Tender Hearted Tenderfeet


There's nothing more helpless than a newborn fawn.

Except for a group of well-meaning but ignorant adult humans who would like to help that fawn but don't know how.

None of us would have noticed the little guy above if a neighbor's dog on an exercise walk with his master hadn't snuffled it up next to the driveway of the house just down the hill. The master knocked on my door to let me know it was there and left me to wonder what to do about it.

Our friend who lives across the street likes to feed the deer who visit her yard, so I consulted her. She didn't know, but she and her husband headed down for a look.

As they approached, the owner of the driveway sailed up in his Jeep and careened into the driveway, scattering gravel on the baby, which didn't move. He slapped his forehead when he was shown how close he'd come, but he didn't know what to do either except keep his dogs penned up.

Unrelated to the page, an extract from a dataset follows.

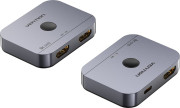 Vention 2 portu 8K Ultra HD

More neighbors gathered, and if iPhone cameras could have saved our Bambi he'd have been home free a dozen times over. But they couldn't, of course, and he wasn't. He was still as stone. We wondered if he was crippled or sick and had been left to die.

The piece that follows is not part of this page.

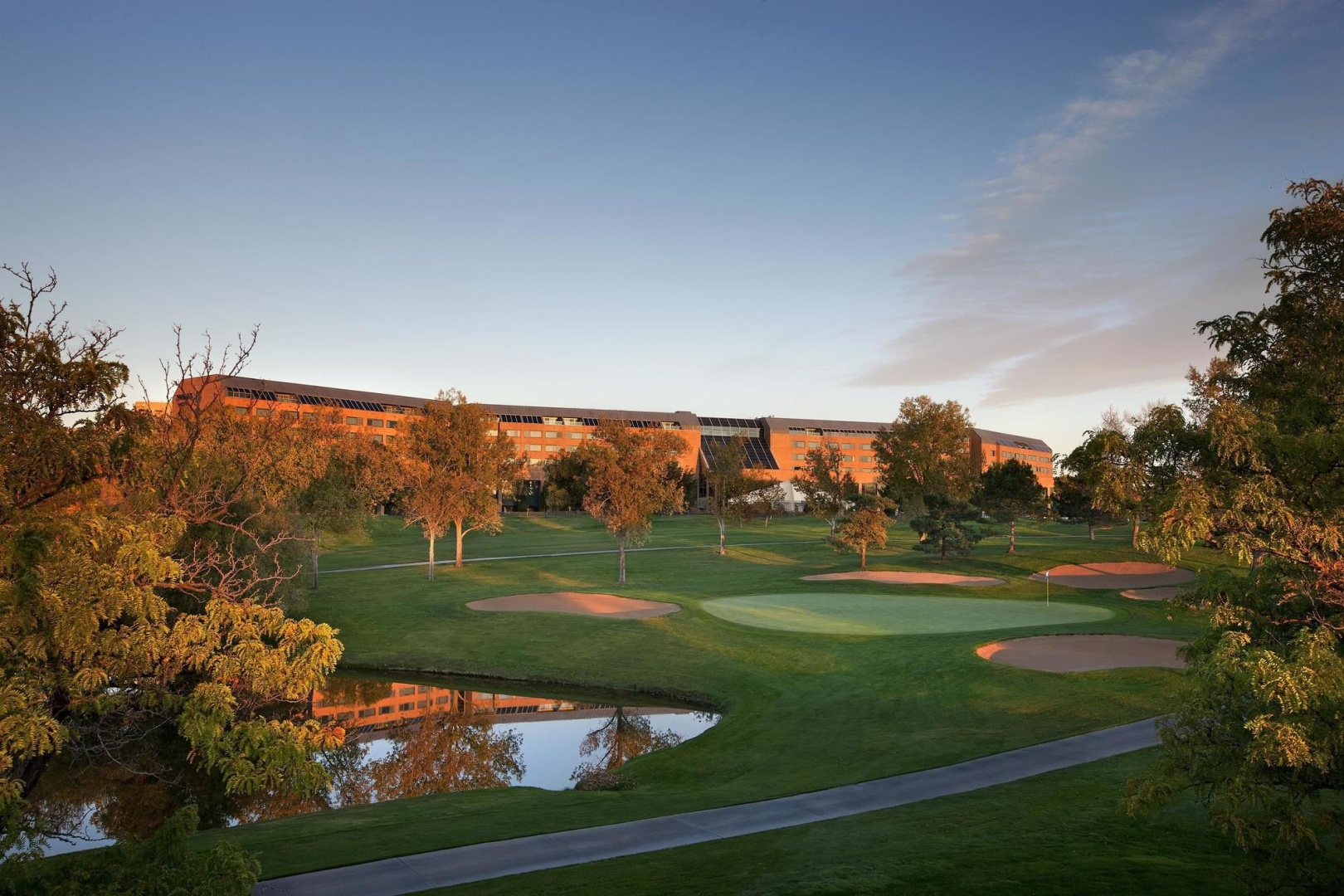 Photo - The Inverness Denver, a Hilton Golf & Spa Resort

Then I remembered that the game warden lived just a block away and that we might find him in since it was Sunday. His little girl went to playschool last year with Elizabeth, and we know his wife a bit.

So I walked down to his house and got him out of bed. He's often out late keeping troublesome bears away from the dumpsters. He looked a little rumpled, but when I told him what I wanted he managed a tolerant smile.

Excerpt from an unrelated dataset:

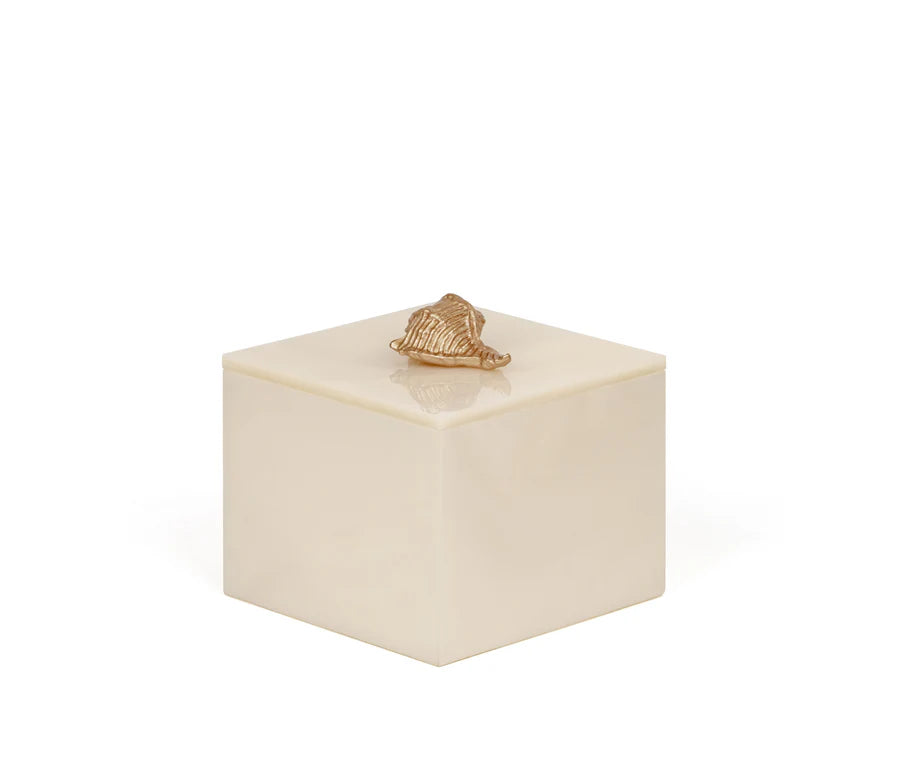Bea Square Cotton Pad Holder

"Just leave it alone," he said. "Doe's often leave their fawns alone while they go off to eat. Their best defense while they're alone is not to move a muscle no matter what. Mama will be back for her in a little while if you just stay away."

I brought the news back to the group, and everybody nodded sagely and drifted back with our benevolent intentions to our coffee. A couple of hours later, Bambi was gone.

It's sweet to learn in a tough situation that the smart play is to do nothing at all.

2 comments:

  1. I've always been a sucker for a happy ending. Thanks for this one!